11. An apparatus for controlling a flow of a fluid from a formation into a wellbore tubular, the apparatus comprising:
a flow control device configured to restrict a flow of gas and water into the wellbore tubular, the flow control device having a plurality of parallel flow paths having flow control elements arranged to control a flow characteristic based on a viscosity and a density of the inflowing fluid, wherein the flow control elements of each of the plurality of flow paths direct fluid in different directions and are oriented differently from one another, wherein at least one of the flow paths has at least one passage having a tortousity selected to increase a pressure drop as a concentration of a specified fluid increases in the flowing fluid, and wherein the parallel flow paths separately flow the fluid across the flow control device and join the separate fluid flow at a juncture.
2. The apparatus of claim 1, wherein the specified fluid is a gas.
3. The apparatus of claim 1, wherein the specified fluid is water.
4. The apparatus of claim 1, wherein the plurality of parallel flow paths separate the fluid into at least two fluid streams at a first juncture and rejoin the separated fluid at a second juncture along the least one channel.
5. The apparatus of claim 1, wherein the flow control elements includes at least one feature that causes the flow characteristic to vary as a fluid with a different fluid property flows through the flow control device.
6. The apparatus of claim 5, wherein the at least one feature is selected from the group consisting of: (i) a surface friction, (ii) a flow path surface property, (iii) a flow path geometry, and (iv) a flow path dimension.
7. The apparatus of claim 5, wherein the plurality of flow control elements of each of the plurality of parallel flow paths independently cause a specified pressure drop along the in-flow control device.
9. The apparatus of claim 8, wherein the specified fluid is a gas.
10. The apparatus of claim 8, wherein the specified fluid is water.
12. The apparatus of claim 11, wherein the specified fluid is a gas.
13. The apparatus of claim 11, wherein the specified fluid is water.
14. The apparatus of claim 11, wherein at least one of the plurality of parallel flow paths has a flow path geometry that controls flow resistance based on fluid composition.
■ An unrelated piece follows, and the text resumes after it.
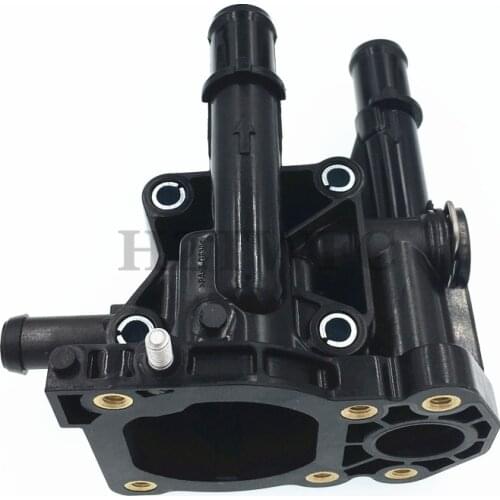 Engine Plastic Thermostat Housing Cover For OPEL Astra Zafira Signum Vectra For Chevrolet Cruze Orlando Sonic For Fiat Croma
This application is a continuation of U.S. Ser. No. 11/871,685, filed Oct. 12, 2007, the disclosure of which is incorporated herein by reference in its entirety.

1. Field of the Disclosure

The disclosure relates generally to systems and methods for selective control of fluid flow into a production string in a wellbore.

2. Description of the Related Art

Hydrocarbons such as oil and gas are recovered from a subterranean formation using a wellbore drilled into the formation. Such wells are typically completed by placing a casing along the wellbore length and perforating the casing adjacent each such production zone to extract the formation fluids (such as hydrocarbons) into the wellbore. These production zones are sometimes separated from each other by installing a packer between the production zones. Fluid from each production zone entering the wellbore is drawn into a tubing that runs to the surface. It is desirable to have substantially even drainage along the production zone. Uneven drainage may result in undesirable conditions such as an invasive gas cone or water cone. In the instance of an oil-producing well, for example, a gas cone may cause an inflow of gas into the wellbore that could significantly reduce oil production. In like fashion, a water cone may cause an inflow of water into the oil production flow that reduces the amount and quality of the produced oil. Accordingly, it is desired to provide even drainage across a production zone and/or the ability to selectively close off or reduce inflow within production zones experiencing an undesirable influx of water and/or gas.

The present disclosure addresses these and other needs of the prior art.

In aspects, the present disclosure provides an apparatus for controlling a flow of a fluid into a wellbore tubular in a wellbore. The apparatus may include a flow path configured to convey the fluid from the formation into a flow bore of the wellbore; and a plurality of flow control elements along the flow path. The flow control elements may be configured to cause changes in the inertial direction of the fluid flowing in the flow path. In embodiments, the change in inertial direction occurs at junctures along the flow path. The plurality of flow control elements may separate the fluid into at least two flow paths. The flow control elements may also be configured to cause an increase in a pressure drop in the flow path as a concentration of water increases in the fluid.

In one arrangement, the flow control elements may be configured to form a plurality of segmented pressure drops across the flow path. The plurality of segment pressure drops may include a first pressure drop segment and a second pressure drop segment that is different from the first pressure drop segment. The first pressure drop segment may be generated by a passage along the flow path. The second pressure drop may be generated by an orifice or a slot.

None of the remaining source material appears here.